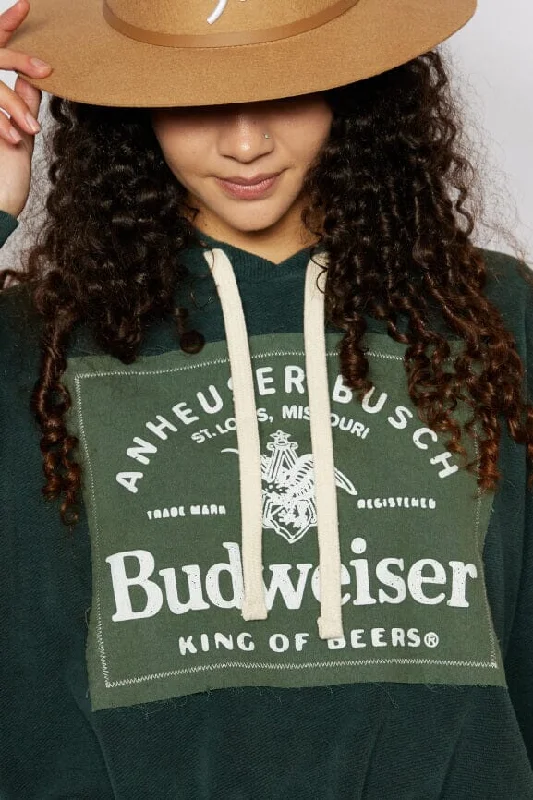 Budweiser King of Beers Hoodie Hoodie with Toggle Buttons Decorative Unique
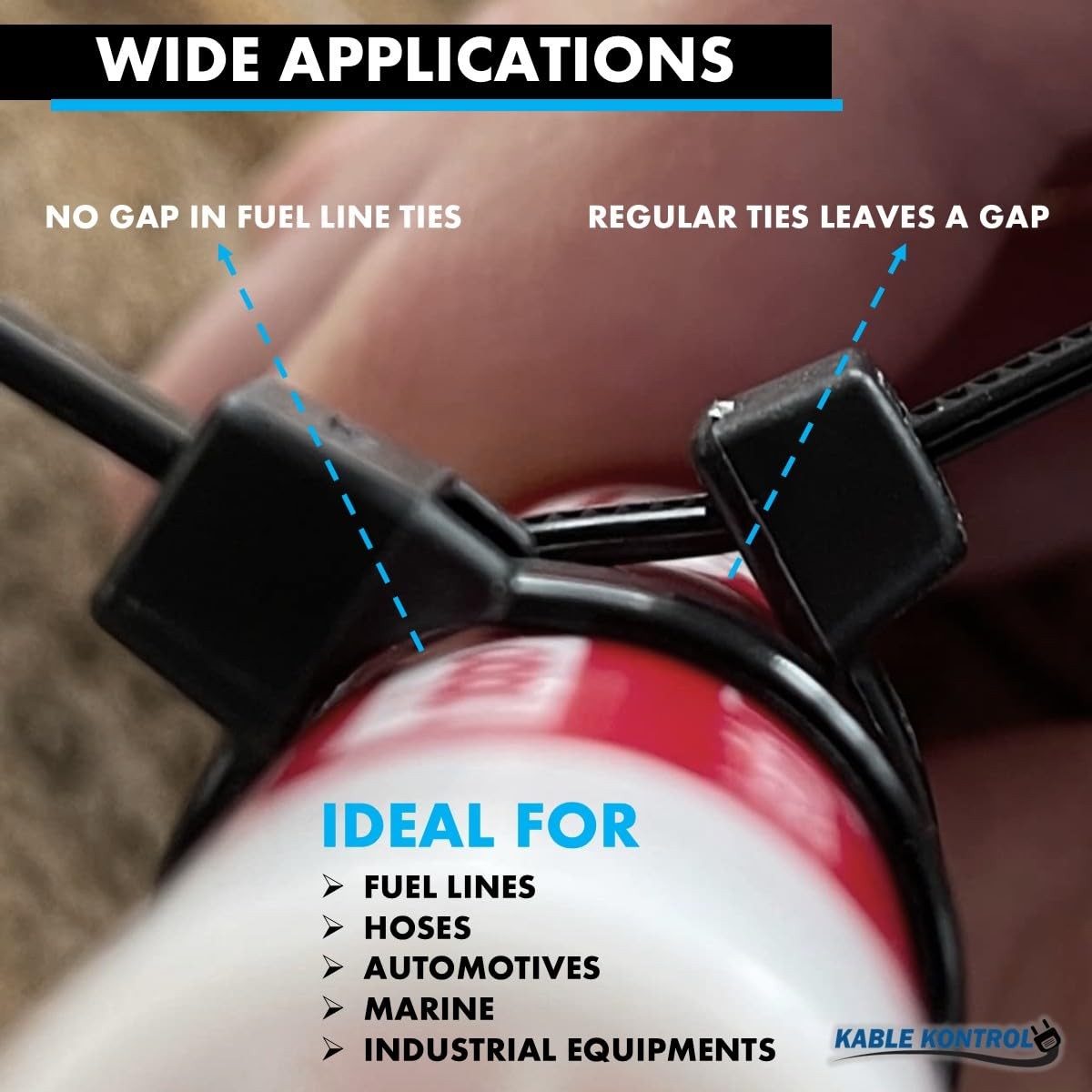 Radius Clamp Head Fuel Hose Cable Ties, 4 Inch 100 Pcs, 18 Lbs Tensile Streng...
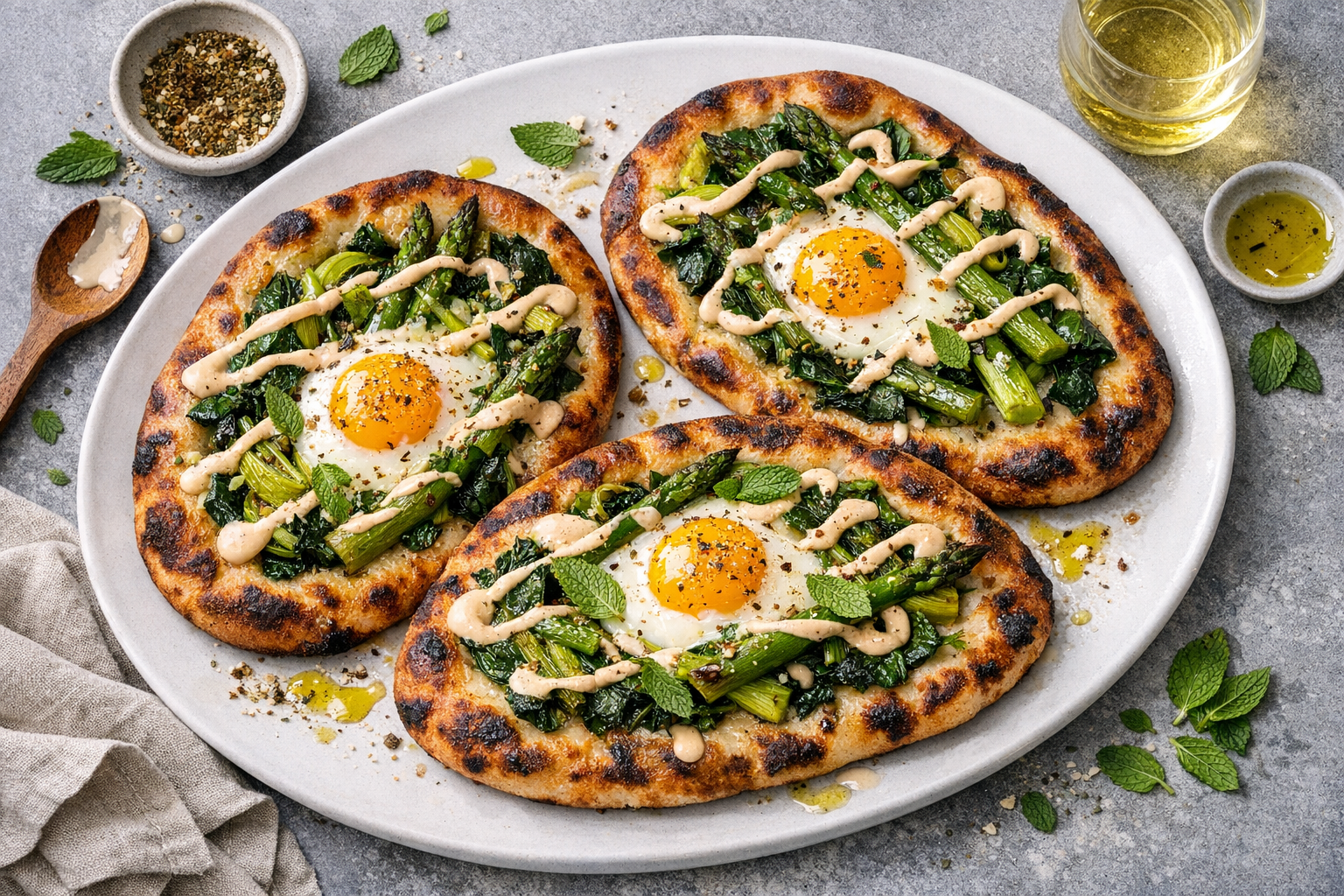 Charred-edged flatbreads topped with glossy, just-set eggs, emerald asparagus and spinach, ivory tahini ribbons, and flecks of za’atar and mint, arranged on a matte white platter.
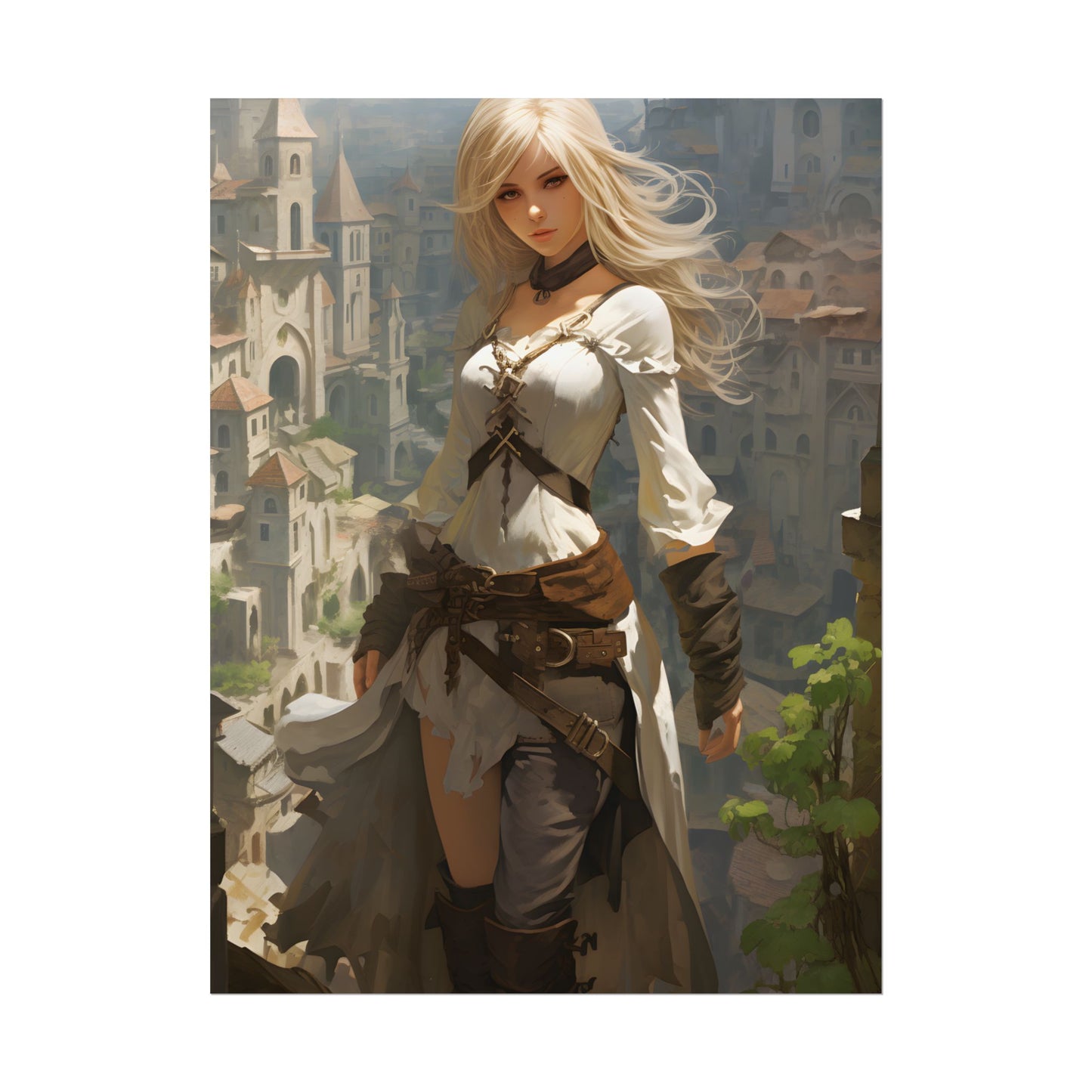 Anime Bird's Eye View Portrait: Blonde Beauty in Motion - Poster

WHAT YOU HAVE TO DO ▸
Please reproduce the material above word for word, without its images.

RESPONSE TO THIS TASK ▸
 Budweiser King of Beers Hoodie Hoodie with Toggle Buttons Decorative Unique
 Radius Clamp Head Fuel Hose Cable Ties, 4 Inch 100 Pcs, 18 Lbs Tensile Streng...
 Charred-edged flatbreads topped with glossy, just-set eggs, emerald asparagus and spinach, ivory tahini ribbons, and flecks of za’atar and mint, arranged on a matte white platter.
 Anime Bird's Eye View Portrait: Blonde Beauty in Motion - Poster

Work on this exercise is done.